▸ Collected data:

┄┄┄┄┄┄┄┄┄┄

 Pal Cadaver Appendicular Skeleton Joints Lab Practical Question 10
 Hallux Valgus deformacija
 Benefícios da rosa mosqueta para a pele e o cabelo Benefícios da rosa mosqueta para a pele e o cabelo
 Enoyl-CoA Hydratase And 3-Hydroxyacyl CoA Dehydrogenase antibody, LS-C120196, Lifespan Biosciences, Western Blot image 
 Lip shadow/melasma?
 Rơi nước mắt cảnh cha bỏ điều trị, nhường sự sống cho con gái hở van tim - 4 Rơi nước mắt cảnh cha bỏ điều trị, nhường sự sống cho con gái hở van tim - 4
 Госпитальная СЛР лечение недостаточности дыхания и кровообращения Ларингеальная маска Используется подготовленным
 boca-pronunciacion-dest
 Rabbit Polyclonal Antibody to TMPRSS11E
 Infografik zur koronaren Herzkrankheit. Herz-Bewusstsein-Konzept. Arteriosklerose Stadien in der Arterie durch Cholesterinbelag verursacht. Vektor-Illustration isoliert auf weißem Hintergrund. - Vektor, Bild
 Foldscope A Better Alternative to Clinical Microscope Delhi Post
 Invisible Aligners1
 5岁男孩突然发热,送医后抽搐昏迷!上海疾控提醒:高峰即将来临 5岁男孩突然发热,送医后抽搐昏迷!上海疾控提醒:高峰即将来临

┄┄┄┄┄┄┄┄┄┄

▸ What you need to do: Write all the entries again precisely as they were given.

▸ Completed task:
 Pal Cadaver Appendicular Skeleton Joints Lab Practical Question 10
 Hallux Valgus deformacija
 Benefícios da rosa mosqueta para a pele e o cabelo Benefícios da rosa mosqueta para a pele e o cabelo
 Enoyl-CoA Hydratase And 3-Hydroxyacyl CoA Dehydrogenase antibody, LS-C120196, Lifespan Biosciences, Western Blot image 
 Lip shadow/melasma?
 Rơi nước mắt cảnh cha bỏ điều trị, nhường sự sống cho con gái hở van tim - 4 Rơi nước mắt cảnh cha bỏ điều trị, nhường sự sống cho con gái hở van tim - 4
 Госпитальная СЛР лечение недостаточности дыхания и кровообращения Ларингеальная маска Используется подготовленным
 boca-pronunciacion-dest
 Rabbit Polyclonal Antibody to TMPRSS11E
 Infografik zur koronaren Herzkrankheit. Herz-Bewusstsein-Konzept. Arteriosklerose Stadien in der Arterie durch Cholesterinbelag verursacht. Vektor-Illustration isoliert auf weißem Hintergrund. - Vektor, Bild
 Foldscope A Better Alternative to Clinical Microscope Delhi Post
 Invisible Aligners1
 5岁男孩突然发热,送医后抽搐昏迷!上海疾控提醒:高峰即将来临 5岁男孩突然发热,送医后抽搐昏迷!上海疾控提醒:高峰即将来临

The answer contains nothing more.